I saw one forum post from 2015 achieving the same thing I am trying to accomplish:
I would like to set a rule for email addresses and/or email addresses with given aliases containing certain words/lettering or ‘first level domains’ as it is apparently called.
To my current knowledge having used eM client for the past year, the default junk filter is horrible and doesn’t catch much if any and currently all of my junk filtering is painstakingly done with custom rules I have to constantly write and update myself.
There needs to be more ways, better ways, to use this rule system.
I’m not familiar with the ins and outs beyond what’s basically shown to us in the rules config screen, but if anyone knows of ways to include special characters similar to html formatting for example adding a | or # so that a full domain is not required, that would be great.
The fact is, spammers and scammers are making new email addresses and whole new ‘second level domains’ constantly to keep up, but what doesn’t change is that they’re using the same few ‘first level domains’ like .icu or .xyz leaving the last option of filtering by words or phrases and that’s just tricky, emails are constantly being re-worded and depending on what words you want to use you’re likely going to have to add a lot of exceptions to be safe on top of that.
One rule I don’t yet know best how to use is ‘words found in header’ which says it has to use a word:word pairing… what information should I pay attention to for adding to rules and how would I best use this as a filter?
Help a guy out, open to suggestions and learning more about rule-making.
The solution is to use the option “words found in header”, but this may move more than you bargained for.
This Rule will move any messages where the header From: contains the characters .xyz.

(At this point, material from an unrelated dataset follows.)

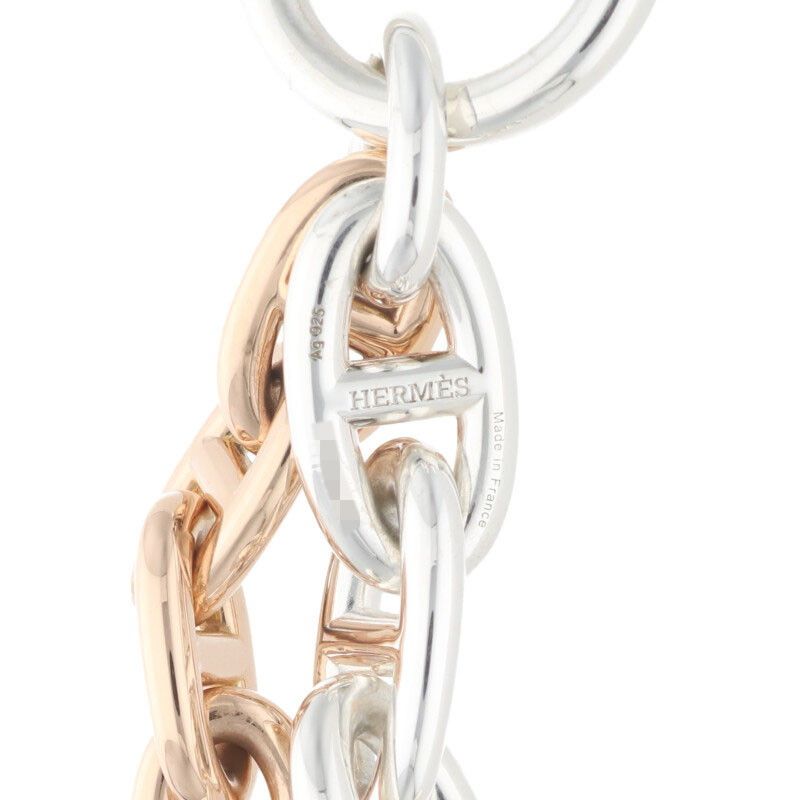 Hermes Chaine D'ancre GM MM 18K Pink Gold Silver Chaine D'ancre 2 Chain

So from firstname.lastname@example.org, email@example.com, etc. Using options like From: .co would be disastrous, as that would also include firstname.lastname@example.org, email@example.com etc.
I just tried before both of your replies to add a ‘words in header’ rule which used from:’.xyz’ with no spaces or asterisks, but again, I still don’t know if the space which you both used is needed or if the asterisk which NoSi1 used is necessary or what the function of having asterisk in or out changes, hope to hear back again about that, will edit in the space now to be safe though.
Also I didn’t see X-Spam or spamassassin listed in my headers when opened in eM Client, is there something I’m missing?
After message has been received
with ‘from: .best’, ‘from: .bid’, ‘from: .club’, ‘from: .de’, ‘from: .ec’, ‘from: .host’, ‘from: .icu’, ‘from: .it’, ‘from: .online’, ‘from: .pro’, ‘from: .shop’, ‘from: .site’, ‘from: .us’, ‘from: .website’, ‘from: .xyz’, ‘from: .cn’ found in header
move to Junk E-mail
and stop processing other rules
except with (hidden for privacy) found in body or subject
or except with (hidden for privacy) found in header
I will take the asterisk info on board, thank you for explaining, though due to Gary’s response, I will avoid asterisks at present…
Are there any characters which can be used at the end of the previously used example .fr to state that this must be at the end and not at a random place like firstname.lastname@example.org or email@example.com?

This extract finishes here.